Alamos Gold Inc. AGI-T is buying Canadian competitor Argonaut Gold Inc. AR-T in a bet that it can turn around the troubled Magino mine in northern Ontario.
Toronto-based Alamos on Wednesday said it had reached a friendly arrangement to acquire Argonaut in an all-stock deal worth roughly US$325-million, or 40 cents a share.
Argonaut investors are set to receive 0.0185 of an Alamos common share, and one share of a spin-out company that will hold Argonaut’s U.S. and Mexican operations. Alamos is paying a 34-per-cent premium based on Argonaut’s closing share price Tuesday on the Toronto Stock Exchange.
Alamos’s main motivation for buying its competitor is to combine its own Island Gold operation in northern Ontario with Argonaut’s Magino mine. The two deposits are located right next to each other. By combining them, Alamos says it hopes to realize US$515-million in cost savings over time by sharing mill and dam operations. Magino is located 40 kilometres northeast of Wawa, Ont.

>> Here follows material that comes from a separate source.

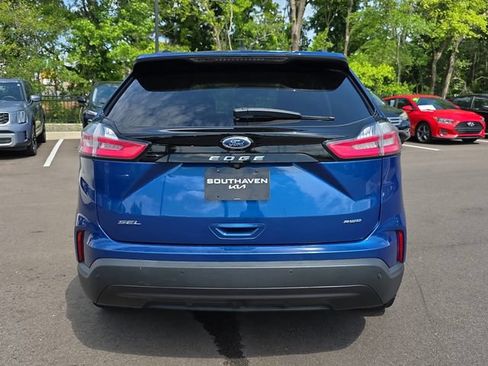 Used 2022 Ford Edge SEL w/ Sport Appearance Package AWD/4WD image 4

Argonaut has experienced multiple operational setbacks since starting production late last year at Magino, which sent its shares into a tailspin. The open-pit mine has encountered grade shortfalls and reliability problems with its mill. As a result, Argonaut’s costs soared, and investors fretted about the viability of the operation, and the company’s ability to service its debt.
As part of the deal announced on Wednesday, Alamos is buying a 14-per-cent equity stake in Argonaut in a private placement financing worth $50-million that will allow Argonaut to address a shortfall in its liquidity. The shares are being issued at an 8-per-cent discount.
In a conference call with shareholders on Wednesday, Argonaut chief executive officer Richard Young expressed confidence that it is managing its challenges well at Magino.
Earlier this year, Toronto-based Argonaut ratcheted up its all-in sustaining costs for extracting gold at Magino to roughly US$1,725 an ounce and said its average grade will be 5 to 10 per cent lower than previously predicted.
“The issues are well understood. We are implementing changes to address these issues, and we are seeing steady improvements,” said Mr. Young.
Among the steps under way to get Magino on track are replacing problem parts at the mill and adjusting its blasting practices at the mine in an attempt to address the grade shortfalls.
Kerry Smith, analyst with Haywood Securities said in an interview that while there are still concerns about how Alamos will be able to solve the grade shortfall at Magino, the mill problems appear to be fixable. He cited other low-grade open-pit mines in Ontario that previously had mill problems and were subsequently able to overcome them, including the Detour Lake mine owned by Agnico Eagle Mines Ltd.
By buying Argonaut, Alamos won’t have to build a new mill and tailings pond to replace its existing infrastructure at Island Gold, which should save it US$140-million in capital expenditure. Alamos plans to eventually use the new mill and tailings facility that Argonaut built.
“It’s going to be a decent mine once they amalgamate those two projects into one,” said Mr. Smith.
While the deal will see Alamos’s production grow, and skew its production increasingly toward Canada, its costs to extract gold will climb, owing to Argonaut’s higher cost structure. The company’s liabilities will also go up, because it will assume US$240-million in debt that Argonaut was carrying.
In addition, about 350,000 ounces of production coming out of Magino over the next few years will be sold at prices that are around US$350 an ounce lower than the current price of gold because Argonaut agreed to hedge part of its output to raise bank debt.
Argonaut shareholders are expected to vote on the deal in June. At least two-thirds of votes cast must be to be in favour for the transaction to succeed. Already two investors who hold 40 per cent of Argonaut’s shares said they will vote for the deal.
The transaction between the two Canadian gold miners comes as bullion trades at an all-time high of roughly US$2,210 an ounce.